A oposição da Renamo não reconhece os resultados das eleições gerais de outubro de 2014, ganhas pela Frelimo (Frente de Libertação de Moçambique), no poder desde a independência, e ameaça tomar pela força seis províncias do centro e norte do país, tendo pedido mediação do Presidente sul-africano, Jacob Zuma, e da Igreja Católica.
Para Jaime Gonçalves, as raízes do agravamento da violência política em Moçambique começaram, no entanto, mais cedo.

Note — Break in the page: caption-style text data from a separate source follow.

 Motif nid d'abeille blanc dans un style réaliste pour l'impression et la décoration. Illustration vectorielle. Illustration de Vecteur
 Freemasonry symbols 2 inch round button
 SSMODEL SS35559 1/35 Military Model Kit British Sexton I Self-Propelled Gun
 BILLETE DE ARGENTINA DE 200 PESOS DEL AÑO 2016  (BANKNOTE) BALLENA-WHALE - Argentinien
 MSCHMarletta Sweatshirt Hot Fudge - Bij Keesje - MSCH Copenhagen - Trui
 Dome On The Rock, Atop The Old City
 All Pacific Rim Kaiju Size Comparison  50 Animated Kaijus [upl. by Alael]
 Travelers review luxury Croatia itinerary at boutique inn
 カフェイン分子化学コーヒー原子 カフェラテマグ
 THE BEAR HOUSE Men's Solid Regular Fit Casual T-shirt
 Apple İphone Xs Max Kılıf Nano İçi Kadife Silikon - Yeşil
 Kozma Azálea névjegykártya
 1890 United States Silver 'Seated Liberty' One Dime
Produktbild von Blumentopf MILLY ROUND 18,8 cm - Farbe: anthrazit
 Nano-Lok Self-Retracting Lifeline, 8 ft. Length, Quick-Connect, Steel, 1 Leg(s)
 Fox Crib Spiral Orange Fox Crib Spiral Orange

Após o Acordo Geral de Paz, as Nações Unidas aconselharam a que existisse apenas um exército sob ameaça de nova guerra, integrado por homens dos dois lados e que a Renamo poderia manter uma segurança armada para protecção dos seus dirigentes até às primeiras eleições democráticas, em 1994.
O problema da segurança, segundo Jaime Gonçalves, "permanece até hoje", argumentando que a entrada de Armando Guebuza, em 2004, para a Presidência moçambicana, substituindo Joaquim Chissano, que vê como "um moderado", conduziu à discriminação dos homens da Renamo.
Guebuza, chefe dos negociadores do Governo em Roma, "nunca aceitou o diálogo" e, com sua subida ao poder, disse o arcebispo emérito, "os homens da Renamo que tinham sido integrados pelas Nações Unidas para unificar o exército foram todos postos fora" e a segurança armada da oposição nunca foi desmantelada.
Neste cenário, segundo o mediador de Roma, a Renamo ficou "um movimento descamisado", com os seus homens em casa e que "Guebuza não aceitou", numa política que classifica de "astúcia e contemporização" até que a oposição "começou a perguntar? Que brincadeira é esta?'".
De acordo com o religioso moçambicano, os graves confrontos em 2013 em Maringué, no norte de província de Sofala, foram provocados por homens que deviam estar nas forças de defesa e segurança "mas retirados de lá" e que Jaime Gonçalves situa como um marco do reinício da violência política no país.
"Não se pode perceber a dificuldade do diálogo, não se pode entender este problema sem Maringué", observou.
Para antigo mediador, os acontecimentos recentes deixam claro que "o Acordo Geral de Paz não está a ser praticado pela Frelimo" e que os incidentes envolvendo Afonso Dhlakama são a demonstração de que prevalece uma linha dura no partido no poder e o objectivo de eliminar o líder da oposição.
"Para mim foi uma humilhação terrível o Presidente da República [Filipe Nyusi], o mais alto magistrado da nação, ir a Angola aprender como mataram Savimbi", disse ainda o autor do livro "A Paz dos Moçambicanos".